P2PaLA – line detection and HTR
As already mentioned in a previous post, we noticed in the course of our project that the CITLabAdvanced-LA does not optimally identify the layout in our material. This happens not only on the ‘bad’ pages with mixed layouts, but also on simple layouts, i.e. on pages without any marginalias at the edge, great deletions in the text or similar. Here the automatic LA recognizes the TR correctly, but the baselines are often faulty.
This is not only confusing when the full text is displayed later; an insufficient LA also influences the result of the HTR. No matter how good your HTR model is: if the LA does not offer adequate quality, it is a problem.
The HTR does not read the single characters, but works line based and should recognize patterns. But if the line detection did not identify the lines correctly (in case letters or words were not recognized by the LA) this often produces wrong HTR results. This can have dramatic effects on the accuracy rate of a page or an entire document, as our example shows.
For this reason we have trained a P2PaLA model which also detects BLs. That was very helpful. It is not possible to calculate statistics like CERs for these layout models, but from the visual point it seems to work almost error-free on ‘simple’ pages. In addition, a postprocessing is no longer necessary in many cases.

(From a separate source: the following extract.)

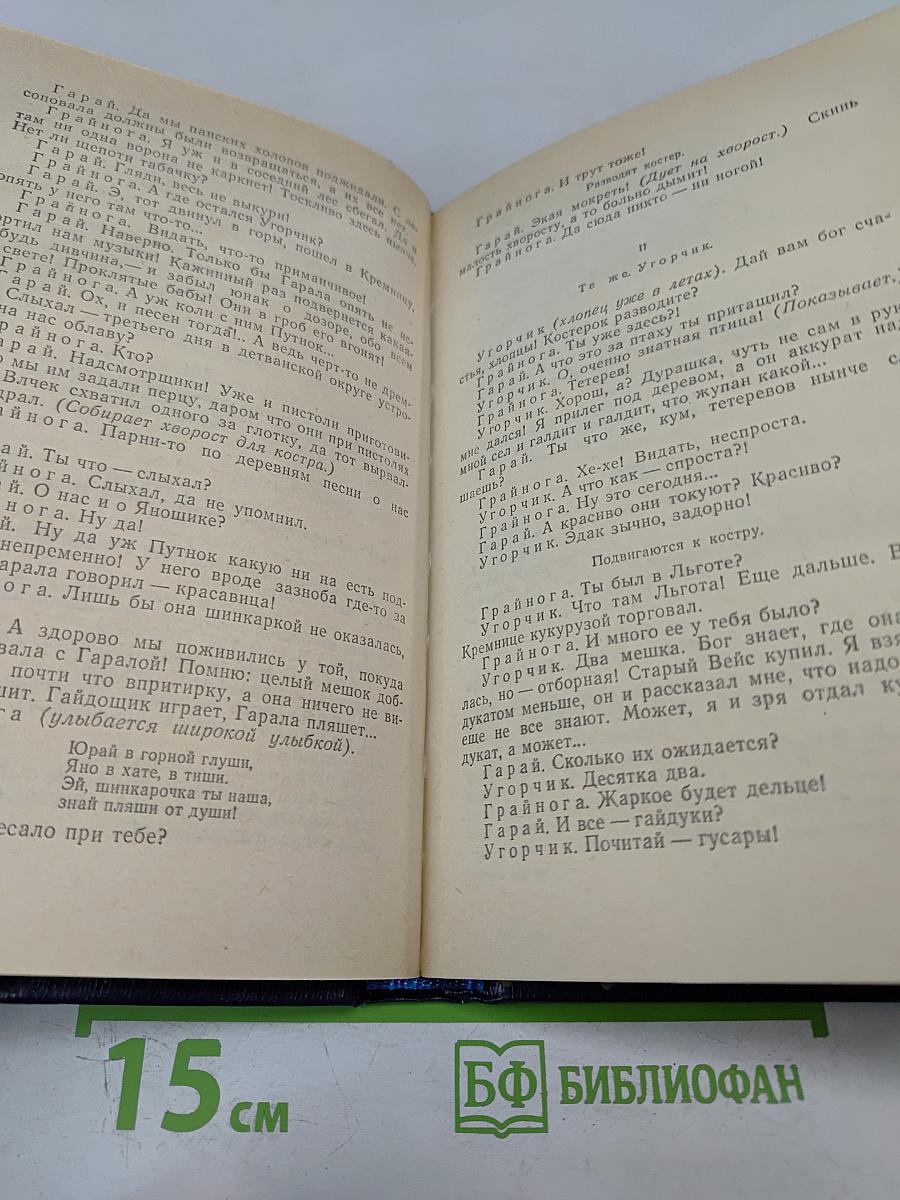 Иржи Маген. Избранное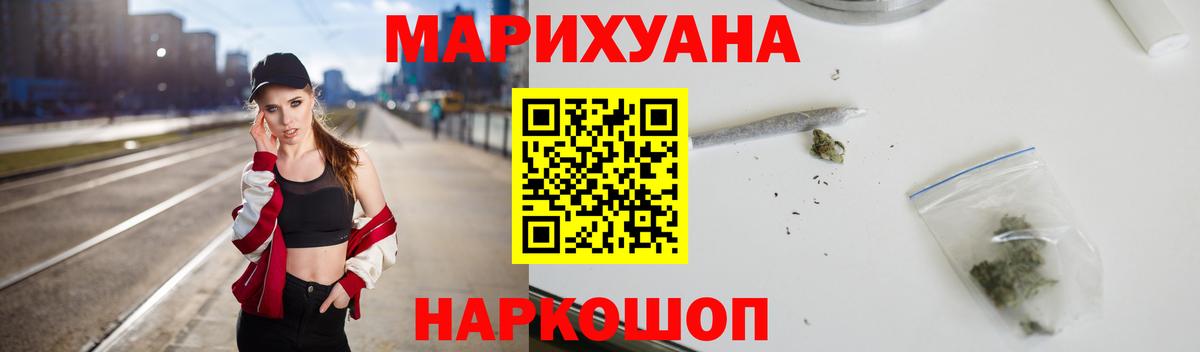 Марихуана Ganja  Вход с VPN  Канабис марихуана  Шишки марихуана ГИДРОПОН  Бердск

The training material for such a model is created in a similar way to models that should recognize TRs only. The individual baselines do not have to be tagged manually for the structural analysis, even if the model does so later in order to assign them to the tagged TR. With the support of the Transkribus team and a training material of 2500 pages, we were able to train the structural model that we use today instead of the standard LA.